Second, I don’t know that the NHL really needed to “send a message” here – at least, not to the players.
This isn’t an epidemic. This isn’t something that is taking the league by storm. This isn’t even something that has happened more than a couple times in the last decade. This is an isolated incident of a player getting a little too riled up and taking exception to something that a fan said and he just happened to be able to reach him with his hands as opposed to a water bottle.
A lot of pundits have been placing some of the blame on Minnesota for not having something separating the visitor’s tunnel from the fans (which they do, incidentally, it’s just retracted during the period) and, to be honest, I don’t really think that’s fair. They shouldn’t need to “protect” their fans from violence from the players and this is the first time any sort of incident has been spurred on from not having this protection.
And finally, if the league did need to “send a message,” it will be done through the teams.

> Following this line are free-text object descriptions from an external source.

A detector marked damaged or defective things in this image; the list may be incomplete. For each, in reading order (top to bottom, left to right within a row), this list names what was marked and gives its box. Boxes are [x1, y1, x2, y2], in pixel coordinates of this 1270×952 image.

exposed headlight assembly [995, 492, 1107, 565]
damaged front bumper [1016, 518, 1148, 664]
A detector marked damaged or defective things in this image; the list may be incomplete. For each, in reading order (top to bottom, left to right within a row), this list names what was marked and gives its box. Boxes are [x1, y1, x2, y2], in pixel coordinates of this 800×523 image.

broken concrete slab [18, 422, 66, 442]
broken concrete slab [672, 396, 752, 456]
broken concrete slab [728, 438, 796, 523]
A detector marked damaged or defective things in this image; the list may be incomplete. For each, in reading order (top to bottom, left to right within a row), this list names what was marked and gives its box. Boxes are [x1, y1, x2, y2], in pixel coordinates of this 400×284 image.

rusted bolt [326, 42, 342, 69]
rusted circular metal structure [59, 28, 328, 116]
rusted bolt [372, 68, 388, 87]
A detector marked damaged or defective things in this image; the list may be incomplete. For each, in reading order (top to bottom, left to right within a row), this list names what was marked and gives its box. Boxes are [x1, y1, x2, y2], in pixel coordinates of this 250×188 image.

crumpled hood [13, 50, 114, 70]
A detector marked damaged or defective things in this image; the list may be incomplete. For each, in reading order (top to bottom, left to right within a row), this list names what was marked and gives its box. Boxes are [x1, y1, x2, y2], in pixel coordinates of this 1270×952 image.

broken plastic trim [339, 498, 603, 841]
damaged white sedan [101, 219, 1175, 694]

Because Rypien just cost his team $25,000.
Do you really think that the Canucks organization is just going to sit back and not say anything to their players, or impose any fines on their players, whether publically or privately for this?
Do you think that other organizations won’t sit up and take notice and make sure that players know that this sort of thing will not be tolerated?
What the NHL did here is actually something that is quite ingenious. The put the impetus on the teams now to respond.
A suspension of a player like Rypien isn’t going to make a drop in the bucket for the Canucks. While he has his role on the team, and he performs it well, his absence isn’t going to lose them any games. But to fine the team? That is something that sends a message. Not to the players, but to the franchises.
Because the bottom line is that this league is a business. At the end of the day, from an organizational stand point, it’s as much about the profit as it is about winning and losing, and when you hit an organization where it hurts, in their pocket book, that is when you will see significant changes to the league’s culture.
Was I disappointed to see that it was just six games?
I wouldn’t have thought that ten games was egregious, but I thought that the proper suspension should have been between five and ten games and it was between that – a bit on the light side, but between that nonetheless.
But at the end of the day, this sends a message to the organizations that this won’t be tolerated, not just to the players. And that is what is going to prevent this from happening again.